- Born: Nadeem Farooq Paracha 6 February 1967 (age 59) Karachi
- Other name: Nadeem F. Paracha
- Occupation: Journalist
- Years active: 1987– present

= Nadeem F. Paracha =

Pakistani journalist and cultural critic

Nadeem Farooq Paracha (born 6 February 1967), also known as NFP, is a Pakistani journalist, author, cultural critic, satirist, and historian. He is a columnist for Pakistan's largest English-language daily Dawn.

==Career==

He is the author of ten books on the social and political history of Pakistan. These include The Pakistan Anti-Hero, End of the Past, and Points of Entry.
His sixth book The Reluctant Republic was published in November 2021.
On 11 August 2022, Paracha's seventh book For Faith, State and the Soul was launched. The book is a history of popular culture in Pakistan. It is considered to be Paracha's most ambitious work. In April 2023, Imran Khan: Myth of the Pakistani Middle-Class was published. It is one of the first books to explore the political career of Imran Khan. In the book, Paracha details the rise and slide of Khan's politics. In 2024's Of Reason, Romance and Ruin Paracha traces the political and intellectual origins of the Pakistan Ideology and how instead of unifying an ethnically diverse polity, it has created ethnic and sectarian fissures and promoted Islamism. Paracha also explained the ideology as a postmodernist project.
In 2025, a study by Paracha on the rise of populism, especially in the United States, Brazil and Pakistan was published as his tenth book, We The Mob.

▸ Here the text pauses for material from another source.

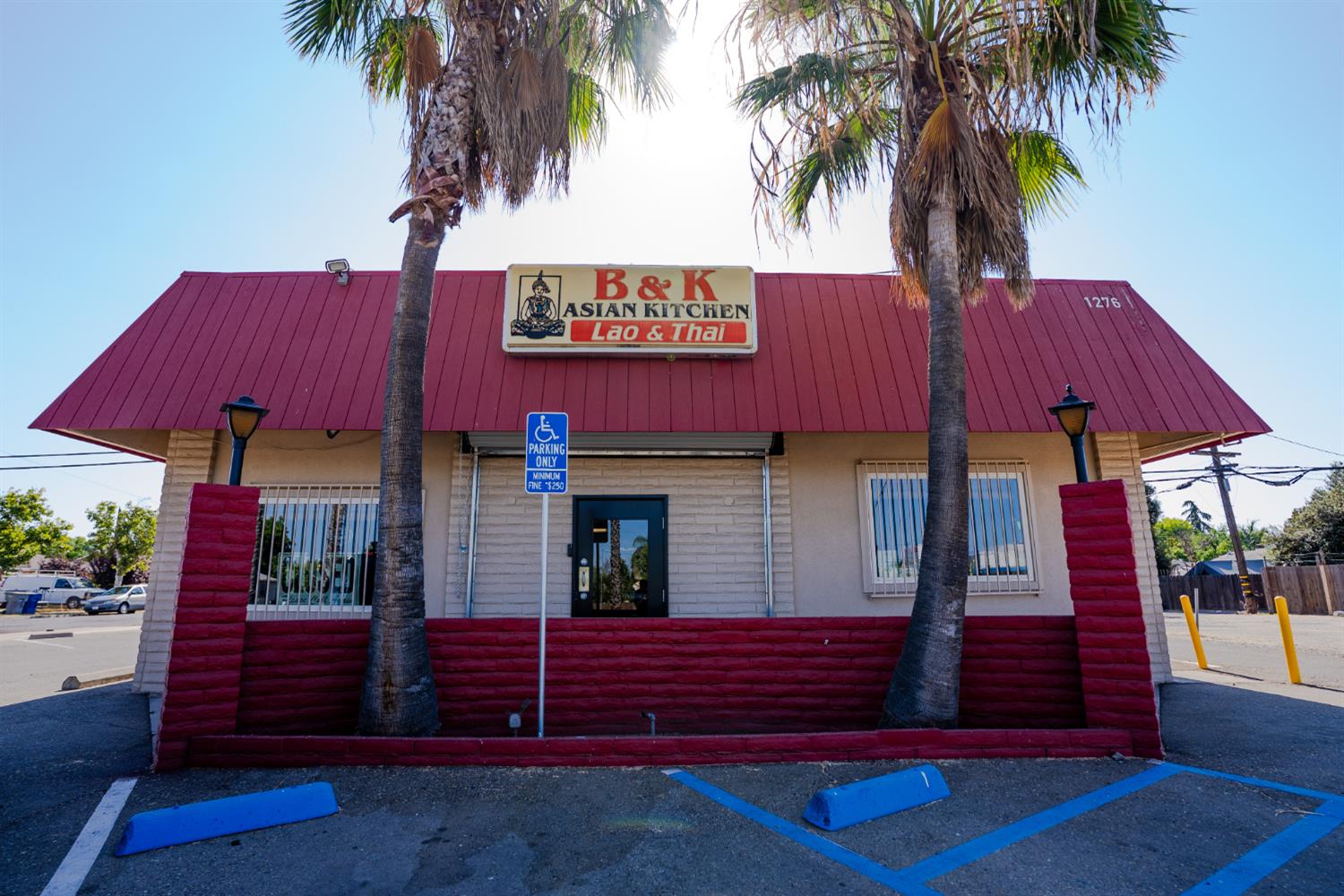 1276 N 1St St, Fresno, CA 93703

Paracha is also a Research Scholar and Reagan-Fascell Fellow at the International Forum for Democratic Studies in Washington DC, and a consultant for Adcom Leo Burnett Worldwide.

Paracha graduated from the Karachi Grammar School in 1983. He then enrolled in a state-owned college in Karachi where he was active as a Marxist student leader. After college, he joined journalism. Over the last decade, he has often described himself as a Muslim modernist, a progressive Pakistani nationalist, and a democrat. He is also a harsh critic of postmodernism and is staunchly against the mixing of religion with politics.

==Works==
- Academic articles
- "Student Politics in Pakistan: A Celebration, Lament & History"
- Books
- End of the past : An immediate eyewitness history of a troubled nation, Lahore : Vanguard Books, 2016, 234 p.
- The Pakistan Anti-Hero : History of Pakistani nationalism through the lives of iconoclasts, Lahore : Vanguard Books, 2017, 396 p.
- Points of Entry : Encounters at the origin-sites of Pakistan, Chennai : Tranquebar, 2018, 160 p.
- Muslim modernism : A case for Naya Pakistan, Lahore : Vanguard Books, 2019, 162 p.
- Soul Rivals : State, Militant and Pop Sufism in Pakistan, Chennai : Tranquebar, 2020, 128 p.
- The Reluctant Republic: Ethos And Mythos Of Pakistan, Lahore: Vanguard Books, 2021, 147 p.
- For Faith, State and the Soul: A History of Popular Culture in Pakistan, Karachi: Markings, 2022, 204 p.
- Imran Khan: Myth of the Pakistani Middle-Class, Lahore: Vanguard Books, 2023, 214 p.
- Of Reason, Romance and Ruin: A Conceptual History of the Pakistan Ideology , Lahore: Vanguard Books, 2024, 177 p.
- We The Mob: A Stream-of-Thought Exploration of Three Populist Uprisings , Lahore: Vanguard Books, 2024, 153 p.